早速攫われる
カントたち四人は馬車で、ゴーレムが出るというカルバキア山脈へと向かっていた。
「成行き上、一緒に行くことになってしまいましたが、エリザベス様、危険なことはお止めください」
「ええ、承知しています。カントに迷惑はかけません」
もう既に迷惑なんですが、とはとても言えない。
きりりとした表情で答えるエリザベスを見て、カントは残念な気分になった。
「鬼がてこずったという魔物ですから、かなり強いんじゃないかと思います。アローラさんも気を付けてくださいね」
「カント殿、私はこう見えても我が家系は騎士の名門なのだ。侮辱的な発言は控えてもらおうか」
気を配ったつもりが、アローラに剣を突き付けられた。
刀身は鞘に納めたままであったが、意思の表示には十分な態度である。
「……それならいいんですけどね」
(これはこれで、深く関わると面倒くさそうな人だな。ここは大人しく引いておこう。それにしても、本当にこんな女騎士が実在するんだな)
気遣いを一方的に拒絶されたカントであったが、強気の女騎士を目の当たりにして、異世界に来た甲斐があったと少し嬉しくなった。
空想上の生き物を発見したようなものである。
「なんでニヤついてるのよ。意味わかってる?」
アイリスは怪訝な顔つきでカントの顔を眺めていた。
「ん?馬車が止まったな」
「あら、山の入口の村に到着したようよ」
カントたちを乗せた馬車は、カルバキア山脈の麓の小さな村に到着した。
「ここから先は山道が険しくなるので馬車では進めません。歩いて移動することになります」
「姫は本当に一緒に来られるのですか?この町でお待ちいただいた方が安全かもしれませんよ」
ここまで来てまさか待っているとは言わないだろうが、一応配慮はしたという予防線を張っておく。
「心配は無用です。
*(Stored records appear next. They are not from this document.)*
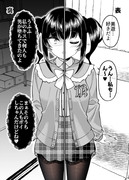 関わってはいけないタイプの娘が彼女になった【39】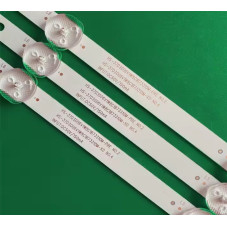 Подсветка XS-2485 XS 2485 XS2485 HS-37D3006V1W8C1B73310M-XD HS 37D3006V1W8C1B73310M XD HS37D3006V1W8C1B73310MXD HS.37D3006V1W8C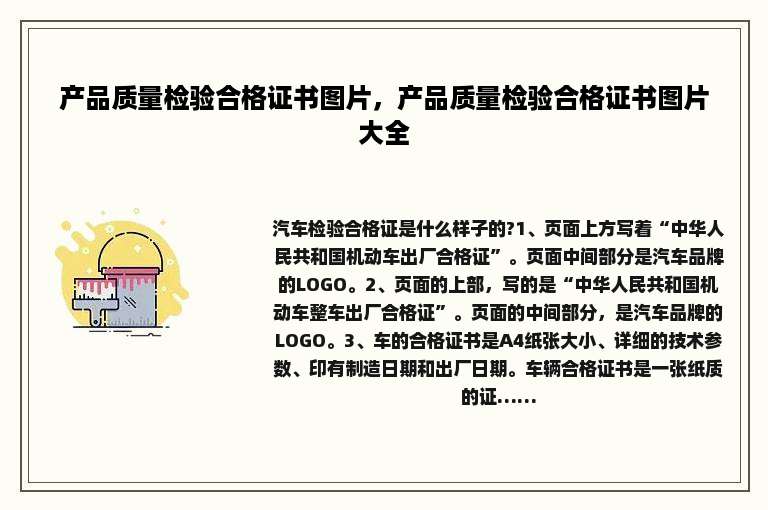 产品质量检验合格证书图片，产品质量检验合格证书图片大全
私は【ライテア】も使えますから」
軽量化魔法【ライテア】は登山でも役に立つ魔法だ。
体重や装備の重さを減らすことで、険しい山道も駆け上がるように登って行くことができるのである。
「みんな【ライテア】は使えるわね?」
「二重詠唱もいけるけど今は魔力を温存しておきましょうか」
「「「了解」」」
それぞれが【ライテア】を唱え、登山が始まった。
※ ※ ※ ※
「俺の知ってる登山と違う。【ライテア】ってこんなに便利だったんだな」
「そうね。魔法が使えない人だとこんな簡単にはいかないもの。二重詠唱なら崖も簡単に登れるわよ」.
四人は跳ねるように、斜面を軽快に駆け上がっていく。
軽量化によって、重さが8割以上カットされているため、急な坂でも全く苦痛にならない。
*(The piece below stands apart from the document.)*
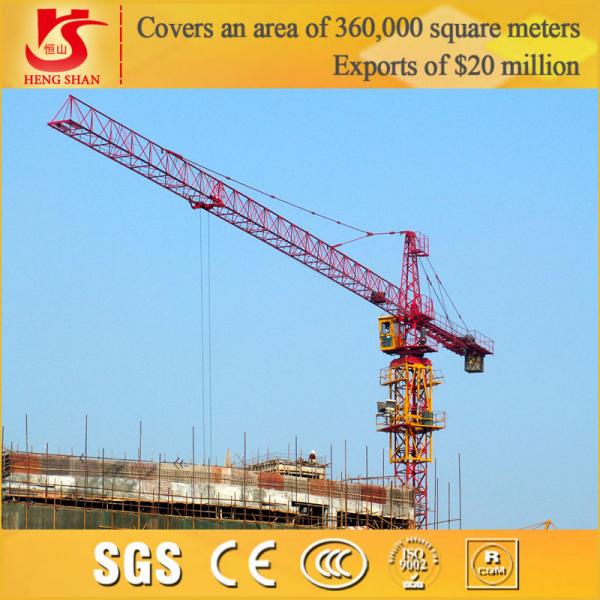 QTZ125 HS5023 customized cantilever 10 ton tower crane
このため、カントが知る登山とは全く別のものになっていた。
「この魔法は、危険視する学者もいるそうですよ。使いすぎると筋力が弱って立てなくなるとか」
「姫様、冗談はやめてください。そんなこと言われたら、怖くて使えなくなります。それに、むぐっ……」
「どうしたの、アローラ。あれ?アローラがいないわ!」
途中でアローラの声が途切れたので、エリザベスが後ろに振り返るとアローラの姿が忽然と消えていた。
カントとアイリスも振り返って彼女の姿を探すが、やはり見つからない。
「滑落してないといいのだけど……」
「この周辺に崖みたいなところなんて無かったような気がしますが」
その時、後ろからガサガサと物音がした。
音の発生源の方に目を向けると、小さな人影がアローラを担いで、森の中を素早く走り去っていく姿が見えた。
「子供か?顔は見えなかったが」
「小さい体であんなに軽々と大人の体を運ぶなんて。そしてあの特有の機動性、多分、あの子は鬼ですね」
「そういえばこの辺りには鬼の集落があるんだったな。鬼が居てもおかしくはないか」
「このままではアローラが危ないわね」
(やれやれ、さっきは馬鹿にするなと言っていたが、騎士の名門が聞いて呆れるな)
カントと比較すれば、アローラの実力がそれほどのものではないことは確かだ。
それは初めから分かっていたが、まさかこんなに早くから足手纏いになるとはカントも想像していなかった。
「【アクセル】の三重詠唱ができる俺なら追いつけるかもしれない。先に行って救出してくるから、アイリスは姫と後から追いかけてきてくれ」
「わかったわ」
走り去った者の姿はもう見えない。
カントは【アクセル】を唱え、森の中を進んでいった。